Ich hab gelernt, dass es der Mann semilustig findet, wenn ich den aus Moskau mitgebrachten Vodka verwende um Lebensmittelfarbe zu verdünnen. Ich hab gelernt, dass eine Packung Backpulver zuviel ist für 170 Gramm Mehl. Ich hab gelernt, dass sich Schlagobers nicht mit Fondant verträgt. Ich hab gelernt, dass Glitzerlebensmittelfarbe die Airbrushpistole verstopft. Ich hab gelernt, dass es ungefähr eine Stunde dauert eine verstopfte Airbrushpistole zu zerlegen und zu reinigen. Und die wichtigste Lehre war wahrscheinlich, dass man Zeit braucht.
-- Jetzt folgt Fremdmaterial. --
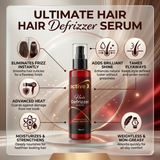 Anti frizz serum benefits smooth hair shine humidity control lightweight non greasy infographic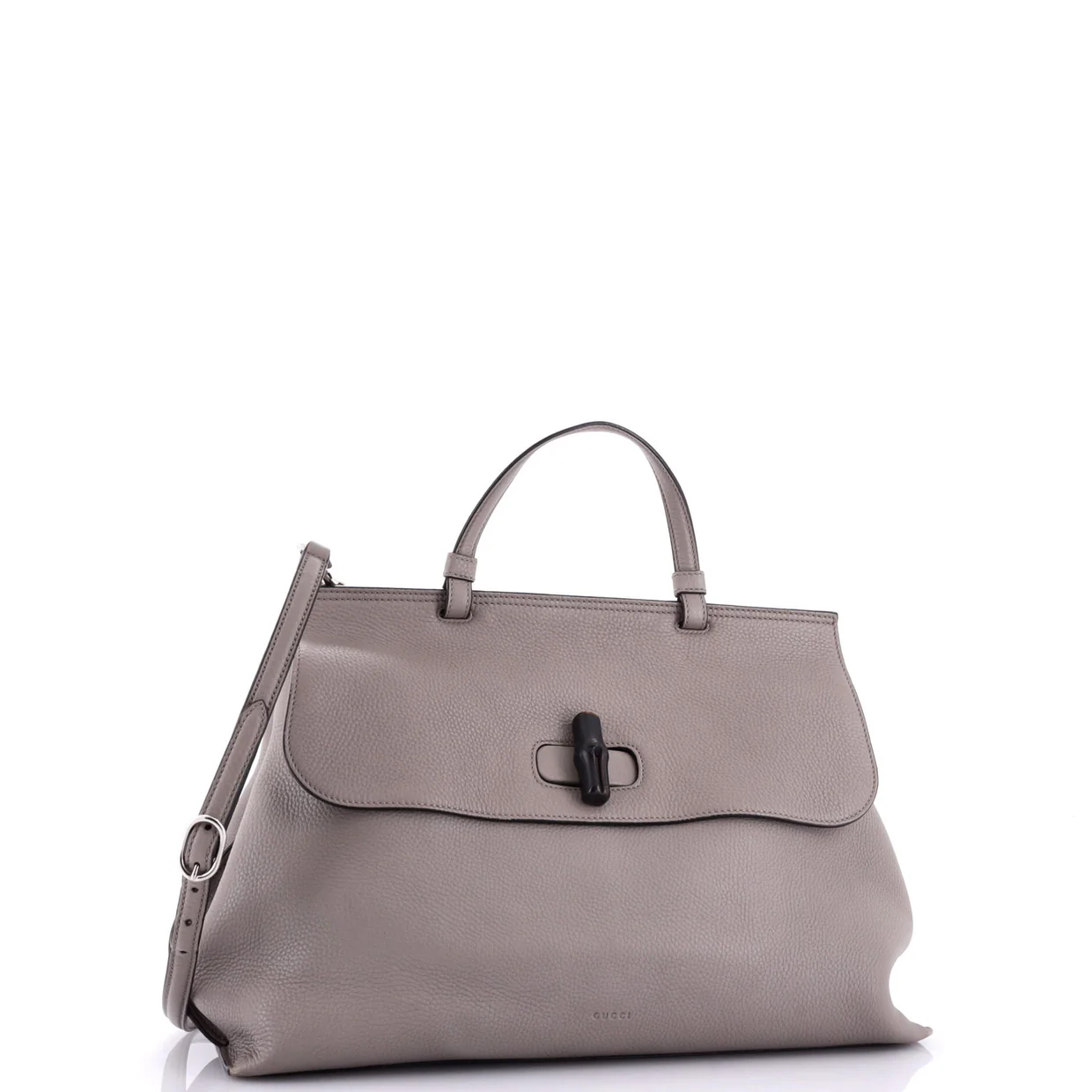 Bamboo Daily Top Handle Bag Leather Large - Deep Luxury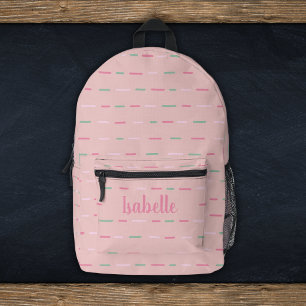 Name der Girl Pastel Pink Stripes Monogramm Bedruckter Rucksack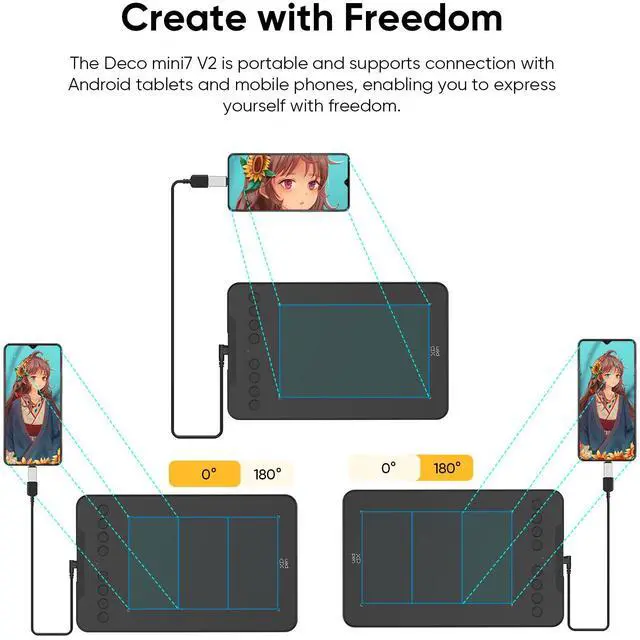 Alt view image 5 of 7 - XP-PEN Deco Mini7 Graphics Tablet 7 x 4.37 Inch Pen Tablet with Tilt Support Passive Pen and 8 Customizable Shortcut Keys Drawing Tablet Compatible with Chromebook for Online Teaching/E-Learning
Es braucht Zeit bis der Dotter hellgelb geschlagen ist, bis die Butter Zimmertemperatur hat, die Schokolade geschmolzen und klumpenfrei und das Backrohr vorgeheizt ist. Es braucht Geduld damit die Marzipanrosen ausschauen wie Rosen, der selbstgemachte Pudding fest geworden und die Torte durchgebacken und ausgekühlt ist. Man muss organisiert sein und man muss verstehen, dass das Endprodukt immer nur so gut sein kann wie die Qualität der Zutaten. Backen bedeutet für mich die totale Entschleunigung. Ich binde mir die Schürze um und tauch ein in eine Welt aus Aromen.
Wenn dann der Duft von Frischgebackenem den Raum erfüllt, mein Werk vollendet ist und im optimalen Fall nicht nur so aussieht wie ich mir das vorgestellt habe, sondern auch noch schmeckt bin ich glücklich. Und manchmal auch ein bisschen stolz.